• _What is needed_: Please transcribe the data that follows without the pictures, keeping every word the same.

• _Data section_:
· · · · ·
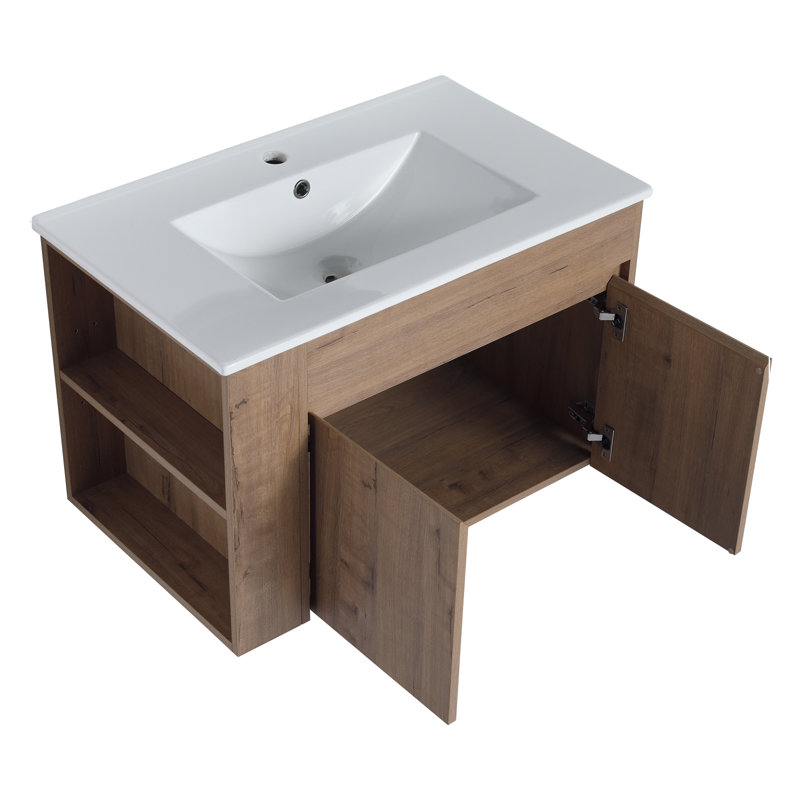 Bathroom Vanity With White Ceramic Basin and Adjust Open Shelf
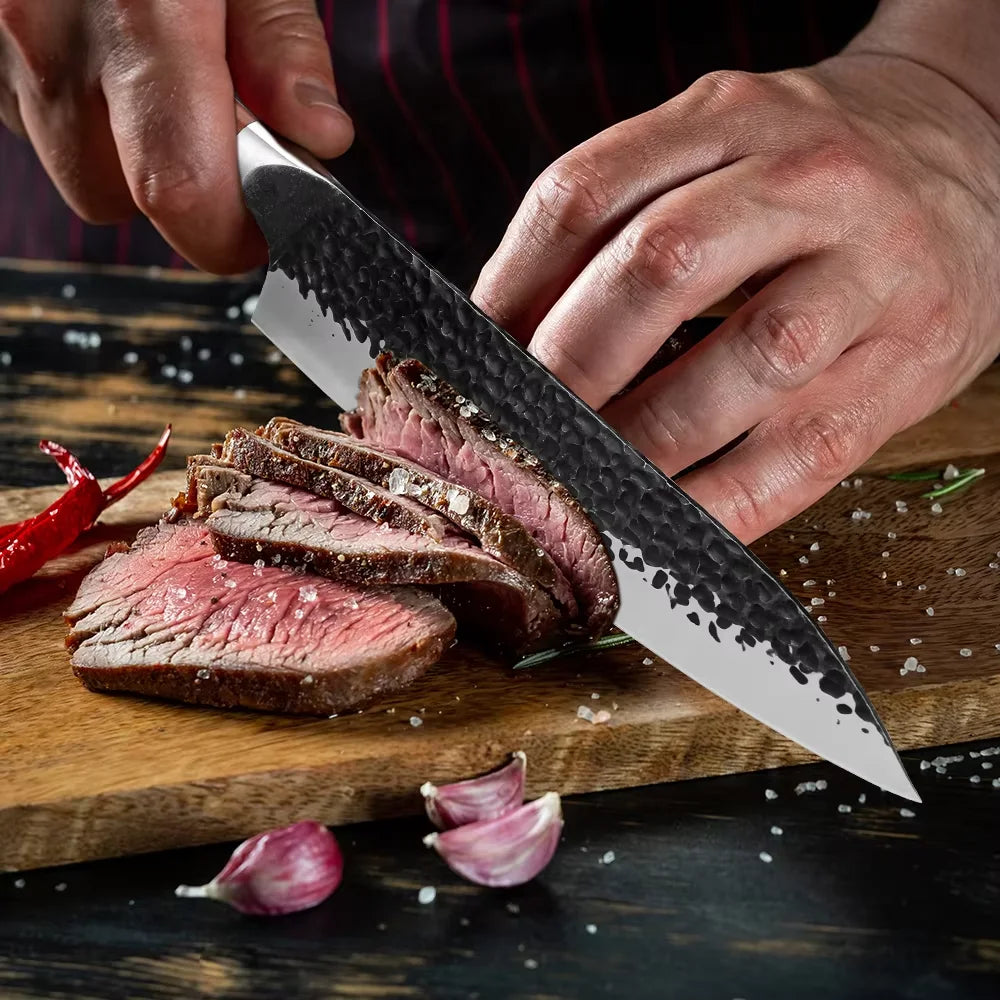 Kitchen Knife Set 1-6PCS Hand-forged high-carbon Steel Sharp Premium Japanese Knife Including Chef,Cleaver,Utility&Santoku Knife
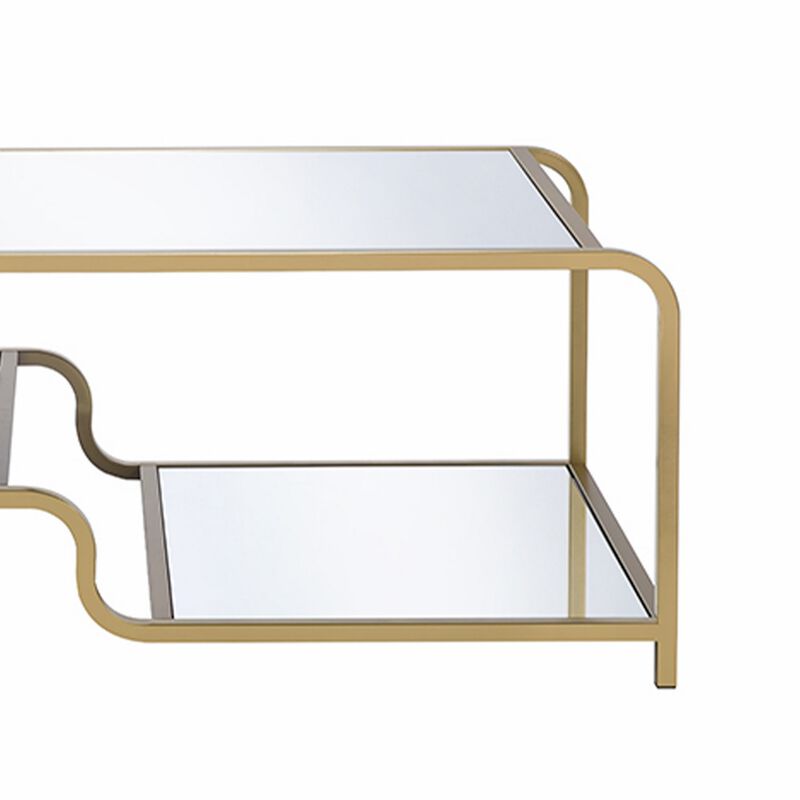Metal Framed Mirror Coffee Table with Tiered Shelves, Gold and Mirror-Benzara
· · · · ·
• _Expected answer_:
 Bathroom Vanity With White Ceramic Basin and Adjust Open Shelf
 Kitchen Knife Set 1-6PCS Hand-forged high-carbon Steel Sharp Premium Japanese Knife Including Chef,Cleaver,Utility&Santoku Knife
Metal Framed Mirror Coffee Table with Tiered Shelves, Gold and Mirror-Benzara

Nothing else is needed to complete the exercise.